Angeklagter hat seine Waffen abgegeben

Die Drückjagd sei erst auf "enormen Druck" des Pächters des Maisfeldes organisiert worden, sagte der sichtlich erschütterte Mann. Inzwischen hat er alle Waffen abgegeben, sein Jagdschein ist ausgelaufen. Er wird "auf keinen Fall mehr" jagen gehen, sagte er.

Seine Ausführungen zur Vorbereitung und Durchführung der Jagd klangen für Prozessbeobachter gewissenhaft. Die Staatsanwaltschaft legt ihm zur Last, dass kein ausreichender sogenannter Kugelfang zur Verfügung stand. Das bedeutet, dass der Flug der Kugel unterbrochen wird und das Geschoss im Boden stecken bleiben kann.

Der 46-Jährige sagte aus, er habe einen Anstieg im Gelände als Kugelfang betrachtet und die Jagd entsprechend ausgerichtet, dass "von der Straße weg" geschossen werde, sagte er. Zuvor habe er sämtliche Vorschriften eingehalten und unter anderem auf die "besondere Gefahrenlage" der Straße hingewiesen.

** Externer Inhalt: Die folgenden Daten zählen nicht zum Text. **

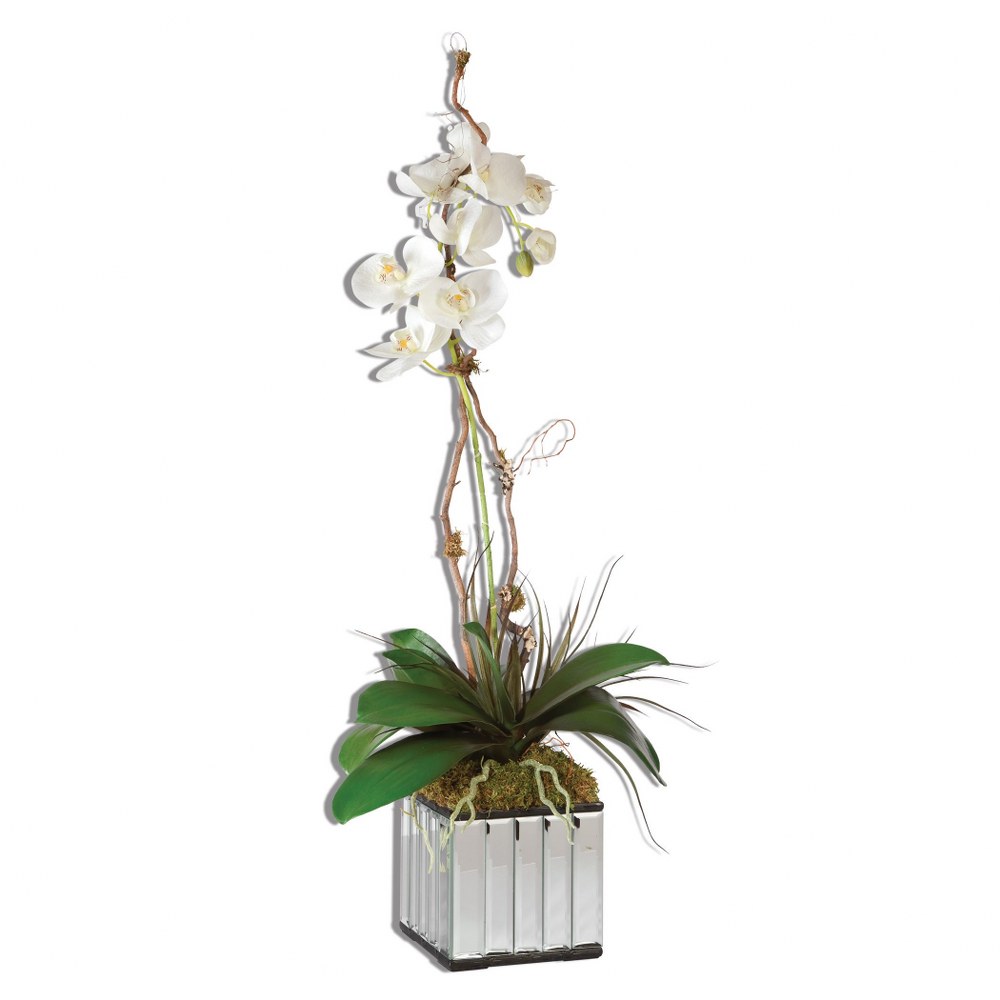 Uttermost-60122-Kaleama - 33 inch Orchids - 15 inches wide by 10 inches deep   White/Moss Finish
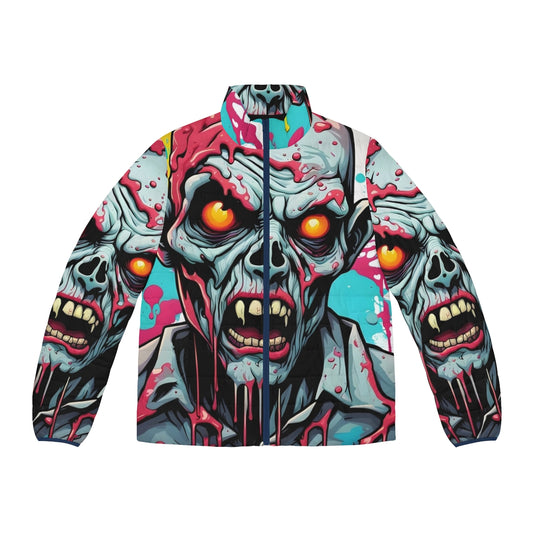 Chaotic Undeath Zombie Puffer Jacket with paint drip and horror-themed design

Der 46-Jährige stammt eigenen Worten zufolge aus einer Jäger-Familie. Unter Tränen berichtete der 46-Jährige, wie er erfahren habe, dass ein Mensch möglicherweise durch die Jagd ums Leben gekommen sei.

Eltern des Opfers sind Nebenkläger

Die Eltern des Opfers erheben schwere Vorwürfe gegen den Jagdleiter. "Unser Sohn war völlig gesund und ist hingerichtet worden wie ein Wildschwein", sagt die Mutter des Getöteten am Rande des Prozesses.

Die Eltern des 47 Jahre alten Beifahrers sind Nebenkläger in dem Prozess. Ihr Sohn war damals mit einem Freund im Auto unterwegs zu einer Motorsportveranstaltung, als ihn der tödliche Schuss traf.

Die Verteidigung des Jagdleiters spricht von einem „tragischen Unfall“, bei dem "viele Zufälle" zusammengekommen seien. Ein Urteil wird für Mitte kommender Woche erwartet.